What needs to be done:
Within the entries below, please return exactly the lines from the one with "Chalet de 3" through the one with "Living - 411", leaving out any pictures.

Dataset:

════

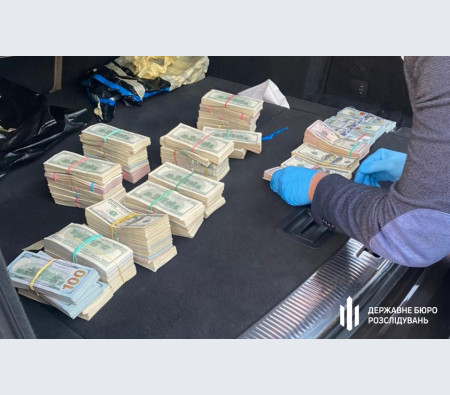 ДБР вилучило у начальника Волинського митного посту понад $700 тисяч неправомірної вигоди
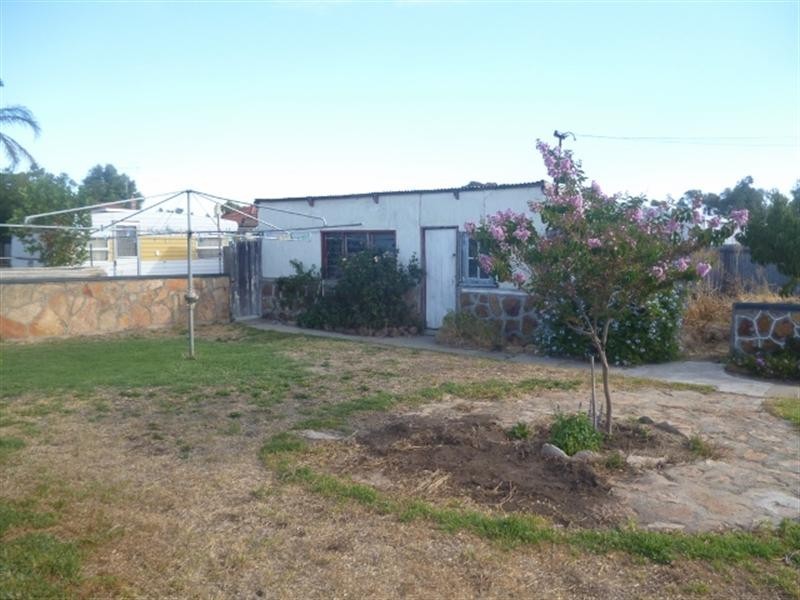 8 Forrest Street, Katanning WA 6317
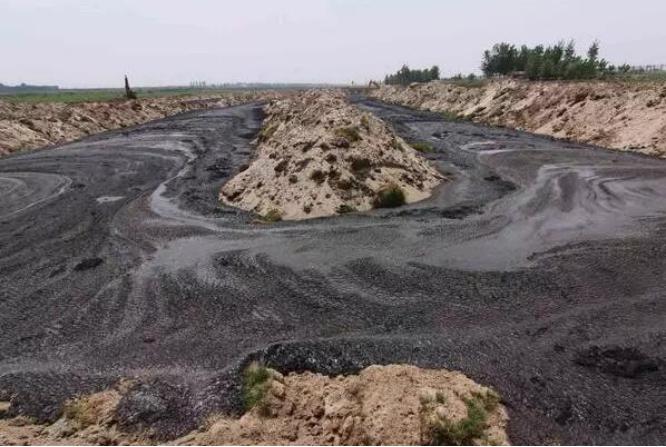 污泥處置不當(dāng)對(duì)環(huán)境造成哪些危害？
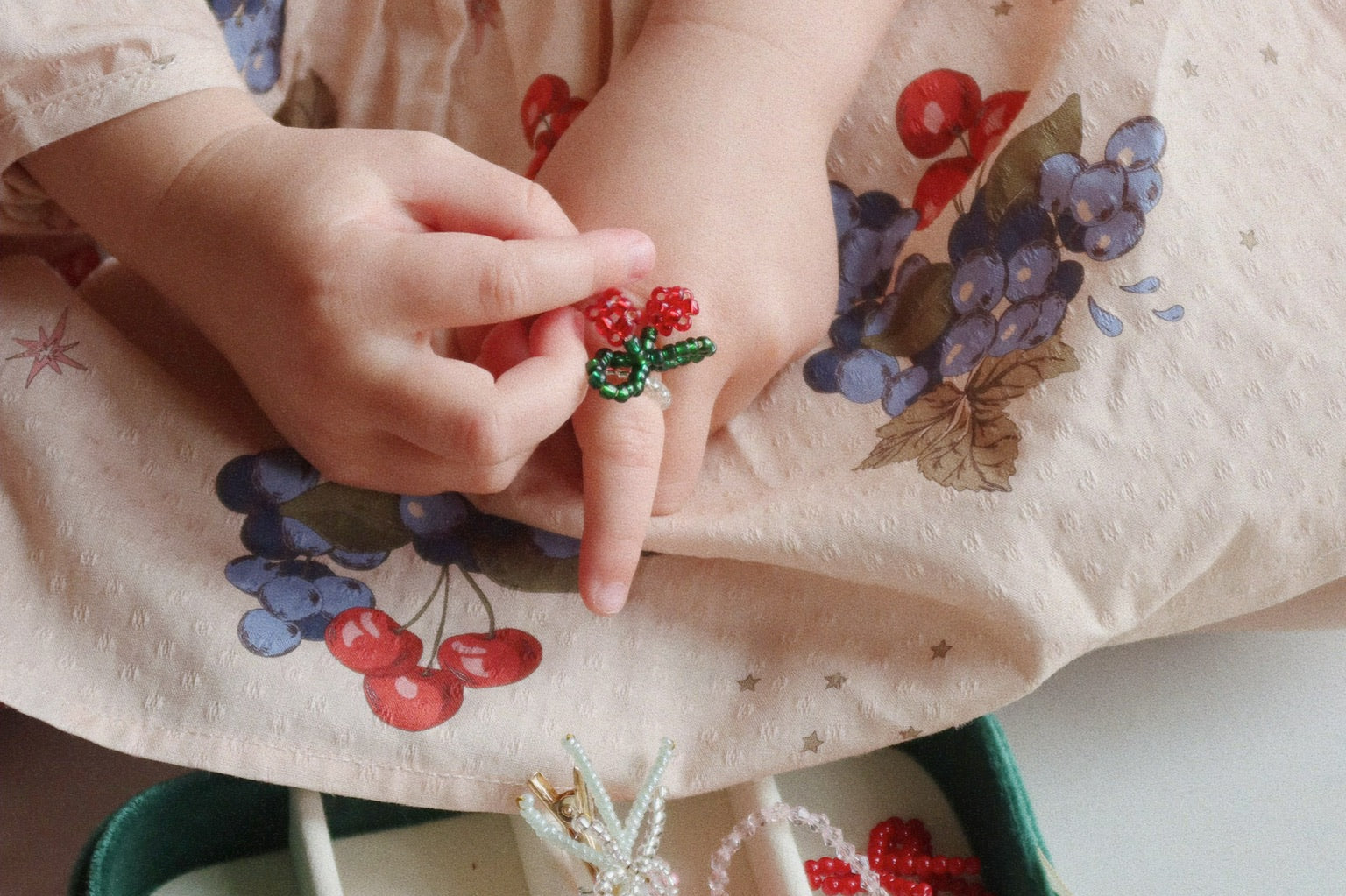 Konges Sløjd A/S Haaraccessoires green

════

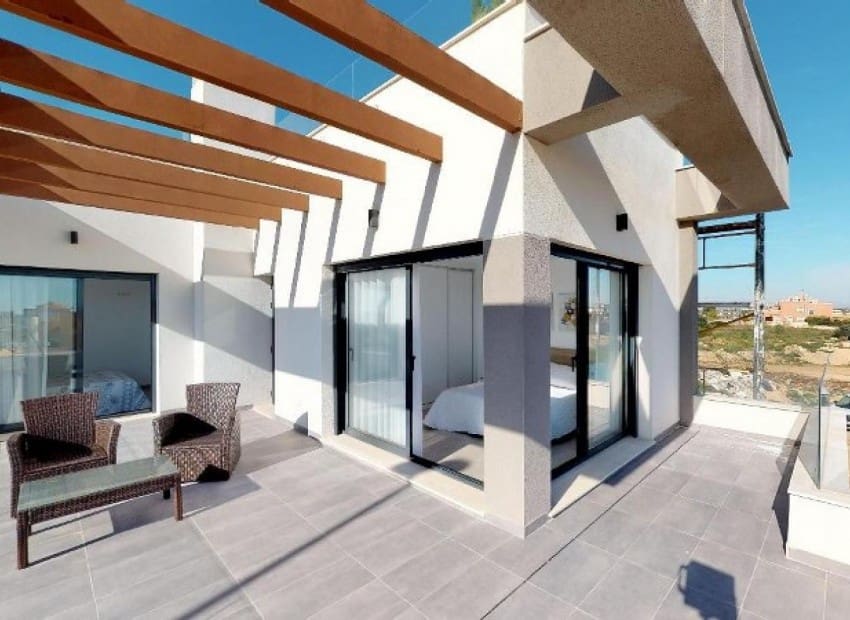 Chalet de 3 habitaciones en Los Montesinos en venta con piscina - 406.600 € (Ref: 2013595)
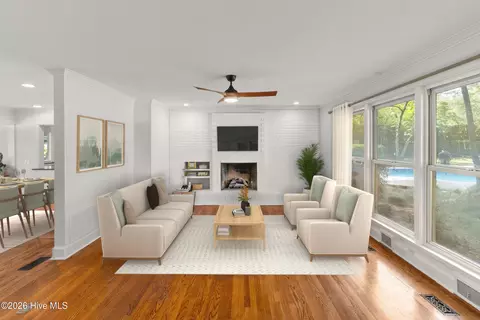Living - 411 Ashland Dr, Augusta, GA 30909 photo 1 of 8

════

Response:
 Chalet de 3 habitaciones en Los Montesinos en venta con piscina - 406.600 € (Ref: 2013595)
Living - 411 Ashland Dr, Augusta, GA 30909 photo 1 of 8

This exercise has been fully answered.